Und dann die dritte „Verwerfungsentscheidung“. Die kommt aus dem Bußgeldverfahren.

Das AG hat den Betroffenen wegen einer Geschwindigkeitsüberschreitung verurteilt. Die Hauptverhandlung, in der das Urteil verkündet worden ist, hat am 05.10.2023 von 8:30 Uhr bis 9:00 Uhr in Abwesenheit sowohl des Betroffenen als auch seines Verteidigers stattgefunden. Ein Wiedereinsetzungsantrag des Betroffenen hatte keinen Erfolg. Zur Zulassung der Rechtsbeschwerde ist vorgetragen worden:

Der Verteidiger sei rechtzeitig in Bad Harzburg losgefahren, um den am 05.10.2023 auf 8.30 Uhr bestimmten Hauptverhandlungstermin beim AG Braunschweig wahrzunehmen. Wegen eines unvorhersehbaren Verkehrsunfalls im Bereich einer Baustelle sei es auf der Autobahn 36 indes zu einer temporären Vollsperrung von mehr als 30 Minuten gekommen. Weitere etwa 15 Minuten Verzögerung seien dadurch eingetreten, dass der Verkehr im Bereich der wegen der Baustelle ohnehin einspurigen Strecke nur sehr langsam an – dem verunfallten Fahrzeug habe vorbeigeführt werden können. Er habe deshalb erst um 9:02 Uhr den Gerichtssaal erreicht. Zu diesem Zeitpunkt sei, wie er sodann erfahren habe, das Urteil bereits verkündet gewesen.

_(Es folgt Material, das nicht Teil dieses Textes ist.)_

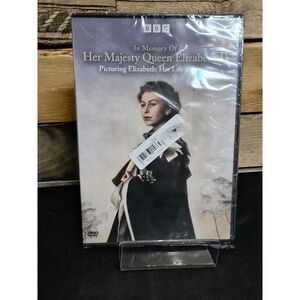 In Memory of Her Majesty Queen Elizabeth II-Picturing Elizabeth (BBC DVD, 2022)
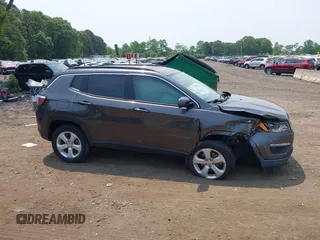 2019 Jeep Compass Altitude with VIN 3C4NJDBB1KT734970, listed as a IAAI auction lot 42483357 with 59,425 mi miles and . Bid and sale history available at DreamBid. Image 13.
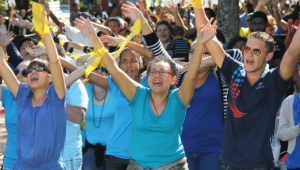 Trouver un équilibre entre plage et prière pendant les vacances en Outre-mer-Teaser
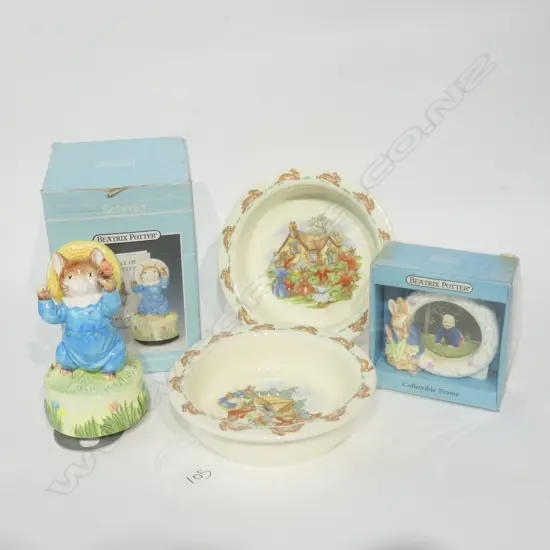 ASST. BUNNYKINS INCL; 2 BOWLS, FRAME, FIGURINE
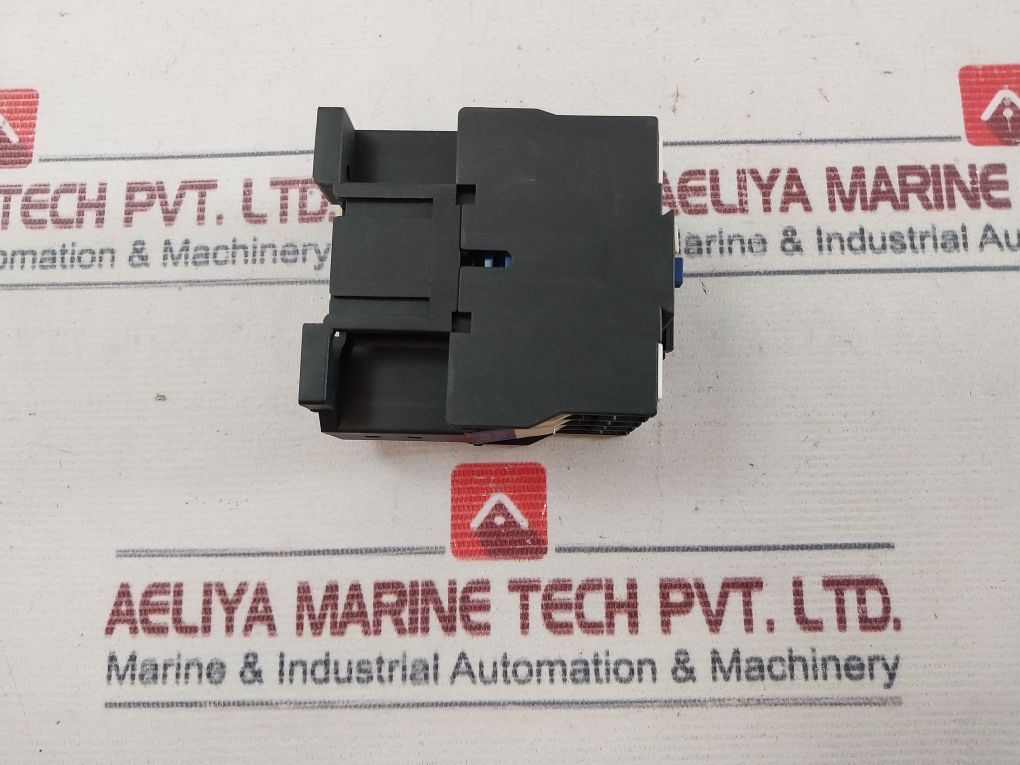 Telemecanique Lc1 D25 10 Contactor 750V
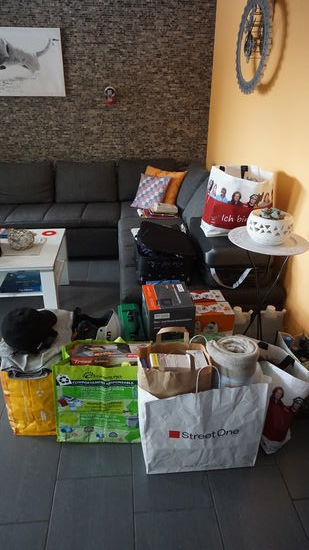 Bereitstellung von Utensilien, Kleider die mitkommen. wir werden auf das Wesentliche  uns Beschränken müssen, sonst muss der Anhänger mit.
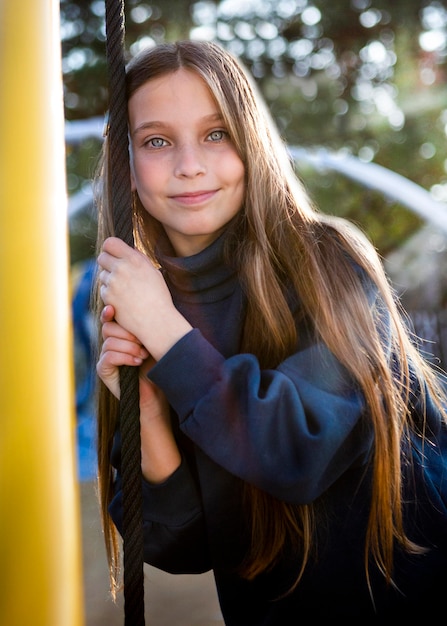 Portrait de petite fille à l'aire de jeux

Das OLG Braunschweig hat mit dem OLG Braunschweig, Beschl. v. 20.12.2024 – 1 ORbs 62/24  – die Rechtsbeschwerde zugelassen und das AG-Urteil aufgehoben:

„Ein Betroffener hat einen Anspruch darauf, sich im Bußgeldverfahren der Hilfe eines Verteidigers zu bedienen (§ 137 Abs. 1 StPO i. V. m. § 46 Abs. 1 OWiG). Im Falle nicht angekündigter Verspätung des Verteidigers gebietet es deshalb die prozessuale Fürsorgepflicht des Gerichts regelmäßig, zumindest einen Zeitraum von 15 Minuten zuzuwarten, bevor mit der Hauptverhandlung begonnen wird (OLG Hamm, Beschluss vom 16. Juni 2006, 3 Ss OWi 310/06, juris, Rn. 6; OLG Köln, Beschluss vom 2. September 1997, Ss 485/97 (B) = NStZ 1997, 494). Hat der Verteidiger indes seine Verspätung gegenüber dem Gericht angekündigt und sich dabei auf ein unvorhersehbares Ereignis – beispielsweise einen Verkehrsstau – berufen, kann es geboten sein, auch über den Zeitraum von 15 Minuten hinaus auf dessen Eintreffen zu warten (OLG Hamm, a.a.O.; Rn. 7; OLG Köln, a.a.O.). So lag der Fall hier. Das Gericht hätte das Eintreffen der Verteidigung um 9:02 Uhr abwarten müssen. Der Verteidiger hat im Zulassungsantrag nachvollziehbar dargelegt, dass er rechtzeitig in Bad Harzburg losgefahren und allein deshalb verspätet zum Hauptverhandlungstermin erschienen ist, weil sich seine Anreise um zumindest 45 Minuten wegen eines von ihm nicht vorhersehbaren Verkehrsstaus verzögert hat. Eine unverschuldete Verzögerung, gegen die auch die vernünftigerweise zu beachtende Sorgfalt keine Vorsorge gebietet, kann auch durch einen außergewöhnlich ausgedehnten Stau bewirkt werden (BFH, Beschluss vom 17. April 2024, X B 68, 69/23, juris, Rn. 13). Ohne den Stau, der zu einer verkehrsbedingten Verzögerung von 45 Minuten geführt hat, wäre der Verteidiger bereits um 8:17 Uhr und damit rechtzeitig am Sitzungssaal eingetroffen.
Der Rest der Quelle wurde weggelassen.